- _What you should do_
Beginning with the line that holds "He went away" and ending with the last line below, please copy every line exactly, add nothing, and leave out the pictures.

- _Data shown_
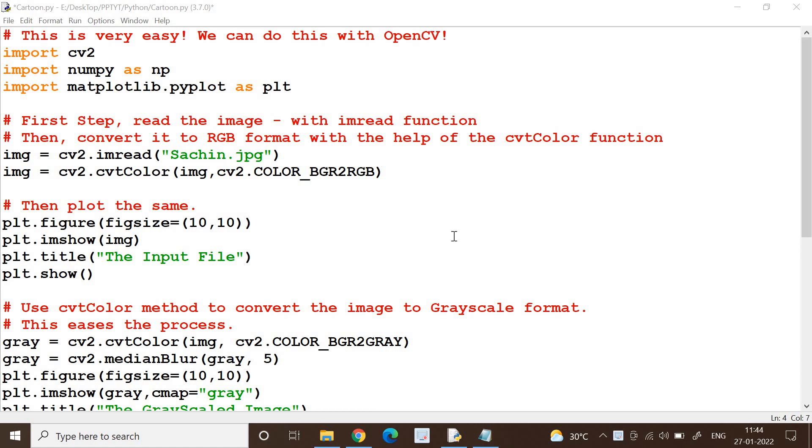Hello friends, welcome back. In this session we are going to learn something very funny yet very interesting. Yes, we are going to generate cartoonized images for input images that you are feeding in. I'm having an input image and I will generate a cartoonized image for the same. Is it possible? Is it very difficult? No, it's not difficult, it's very easy.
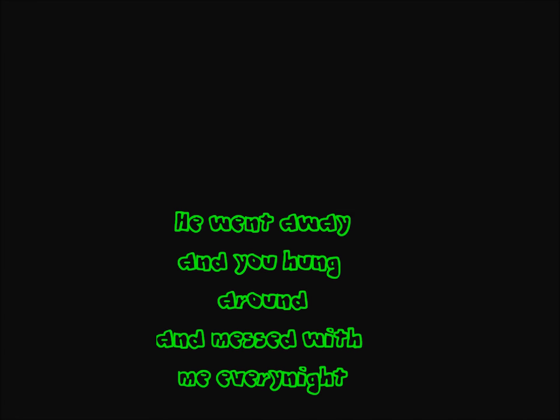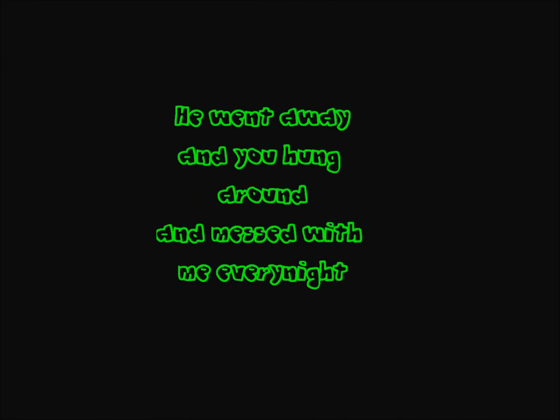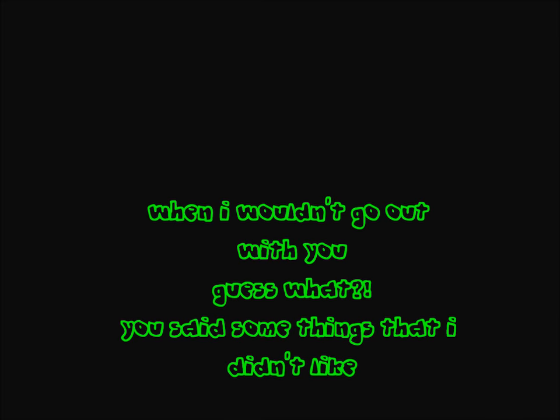He went away and you hung around and messed with me every night. And when I wouldn't go out with you, guess what?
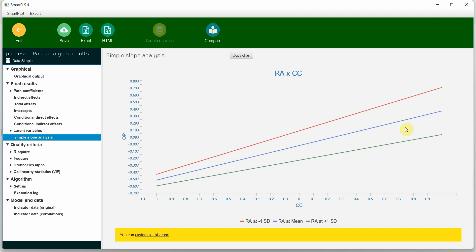This is how you can use the Process macro to perform moderation analysis. Instead of using the Process macro in SPSS, you can use Process in SmartPLS with the graphical user interface. I hope this session has helped you understand how to use Process in SmartPLS. Thank you very much.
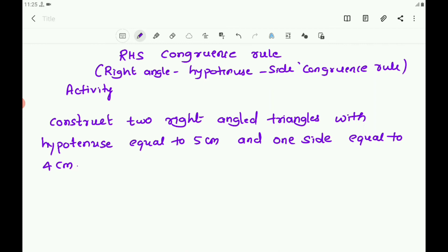What do you observe here? The two triangles cover each other completely. Therefore, you can say that the two right-angle triangles are congruent. The hypotenuse of one triangle is equal to the hypotenuse of the other triangle, and one side of one triangle is equal to one side of the other triangle. If you place one on the other, they coincide, so they are congruent triangles.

- _Response area_
He went away and you hung around and messed with me every night. And when I wouldn't go out with you, guess what?
This is how you can use the Process macro to perform moderation analysis. Instead of using the Process macro in SPSS, you can use Process in SmartPLS with the graphical user interface. I hope this session has helped you understand how to use Process in SmartPLS. Thank you very much.
What do you observe here? The two triangles cover each other completely. Therefore, you can say that the two right-angle triangles are congruent. The hypotenuse of one triangle is equal to the hypotenuse of the other triangle, and one side of one triangle is equal to one side of the other triangle. If you place one on the other, they coincide, so they are congruent triangles.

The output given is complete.